─── DATASET CONTENT

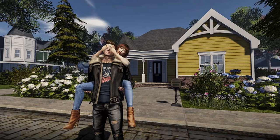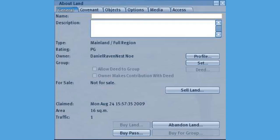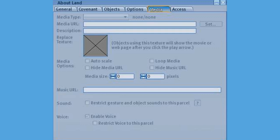Start by running Second Life on your device and go to your own land, or join a group that owns land. Then access the World menu and open the About Land panel, and click on the Media tab.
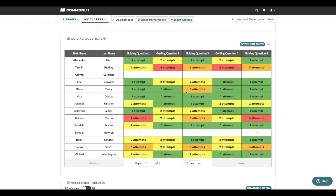I can see that some students breezed right through these questions. Since guided reading mode is a scaffolding tool for differentiation, I might consider challenging those students by removing that scaffold and not assigning them the guiding questions on their next assignment.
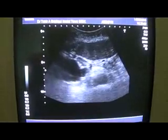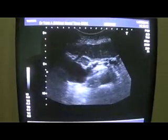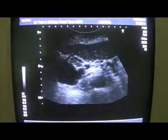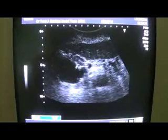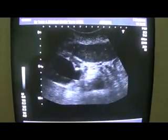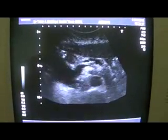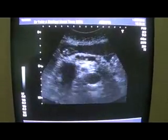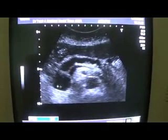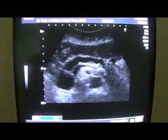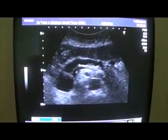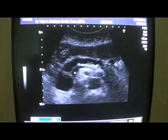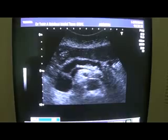Now when I come to the transverse section and place the probe transversely, this is the part of the dilated CBD. This is a small lymph node at the paracelic region. Here I am going to show you the dilated ducts of the pancreas. This is the CBD, this is the aorta, this is the superior mesenteric artery, and this is the splenic vein.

──────

Start at the first line and set down all of the data exactly, passing over the pictures.

### REPLY
Start by running Second Life on your device and go to your own land, or join a group that owns land. Then access the World menu and open the About Land panel, and click on the Media tab.
I can see that some students breezed right through these questions. Since guided reading mode is a scaffolding tool for differentiation, I might consider challenging those students by removing that scaffold and not assigning them the guiding questions on their next assignment.
Now when I come to the transverse section and place the probe transversely, this is the part of the dilated CBD. This is a small lymph node at the paracelic region. Here I am going to show you the dilated ducts of the pancreas. This is the CBD, this is the aorta, this is the superior mesenteric artery, and this is the splenic vein.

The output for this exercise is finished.